My read on the paper is somewhat different. It is a joke, and a damn good one. Anyone familiar with the "Dihydrogen Monoxide Research Institute,", will recognize the style of humor. Apply a professional analysis that is completely accurate and totally inappropriate because of the subject matter. The extensive work on the "Boreal Masters" at the "Society for Creative Academia" ( is another fine example.

Here, Professor Choi has provided a classic welfare maximizing analysis to "the toilet seat question," including an intro as to why such a trivial problem is worthy of study. Choi does good work. You can see his web page here: As you can see, the link to the "Up or Down" paper and the linked coverage make it clear that this is supposed to be a joke. You can see the National Post story here, ,which places this "debate" in context.

Unsurprisingly, this humor is lost on those who don't read these kind of papers regularly and are not up on the way econ analysis works.

But I also observed a second trend.
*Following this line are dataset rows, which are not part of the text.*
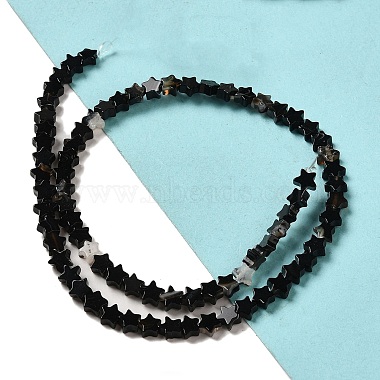 Natural Black Agate Beads Strands(G-G085-B42-01)-2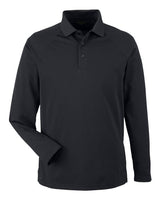 Harriton Men's Charge Snag and Soil Protect Long Sleeve Polo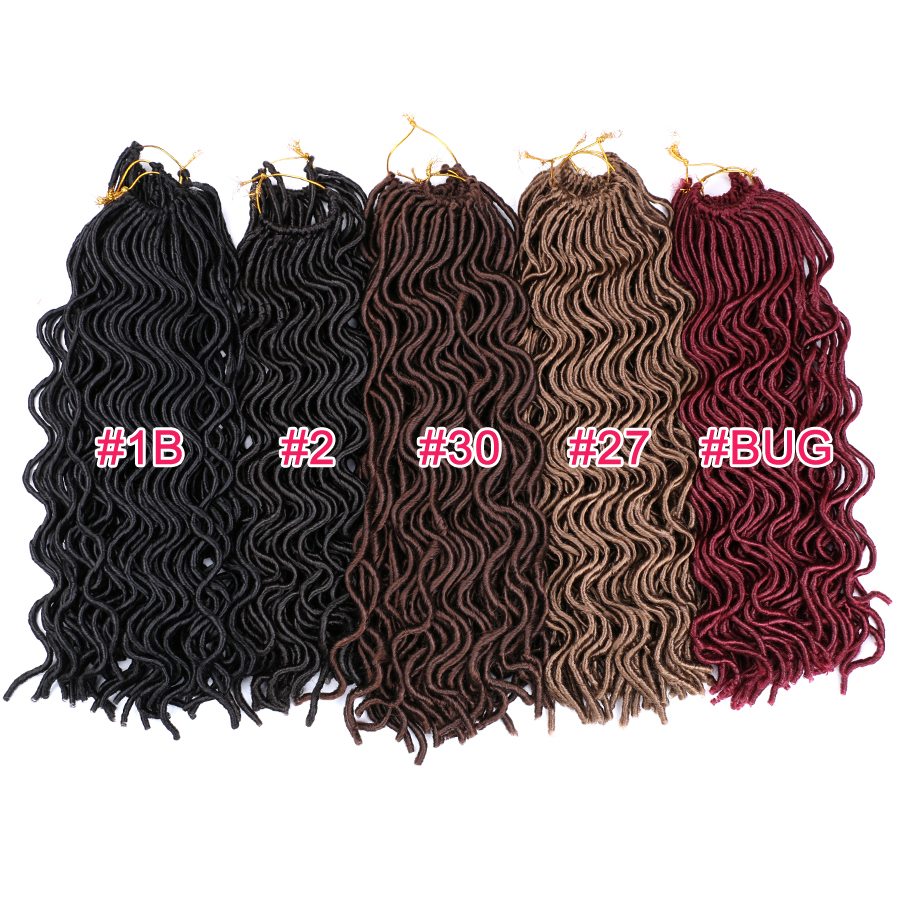 Hot sell Wholesale 18inch DreadLocs Crochet Hair  Silky Strands Faux Locs Braids crochet braids faux locs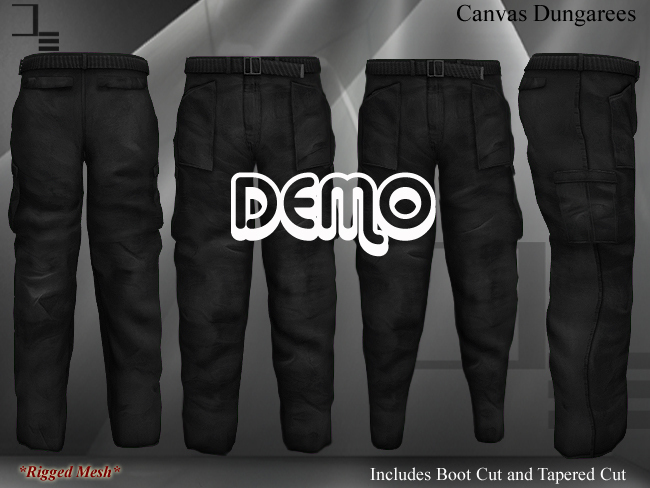 DE Designs - Mens Canvas Dungarees - DEMO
Many people had criticisms of the analysis. Most of these criticisms were wrong because (a) the author had actually addressed them, but the person making the criticism was unaware of it (particularly where it was buried in the math); (b) the person commenting was generally unaware of the conventions of economics publications; or (c) the "flaw" was part of the joke.

Why do I go on about this at such length? For one thing, I feel the urge to defend a serious professional who has a sense of humor -- especially as a number of commenters felt compelled to accuse Dr. Choi of being short-sighted, piggish, or other less than complimentary things. I also think it is wise to remind folks to consider carefully whether you are going to criticize a work based on the abstract, especially if your eyes glazed over during the actual math.

But my big reason is as a little reminder that anyone -- no matter how wise, how learned, how sensible, and how experienced in the ways of the world -- can get taken in by a good joke when they are unfamiliar with the field or the conventions. When people at SF conventions sing "Ban Dihydrogen Monoxide," it's funny because we all know what we are really talking about is water. But there is a lamentable tendency to class those unfortunate few who have fallen for the joke and tried to take action about the "dangerous substance" as morons. It is also a running thread in "Help Desk Horror Stories," where new users make what are idiotic mistakes to anyone with cursory knowledge of computers because they try to apply "common sense" from other walks of life to computers.

These folks are no more necessarily morons than non-economists who can't recognize a joke economics paper are morons. We can all get suckered by our ignorance and our efforts to apply life lessons from one field to another. Every now and then, it makes sense to remember that.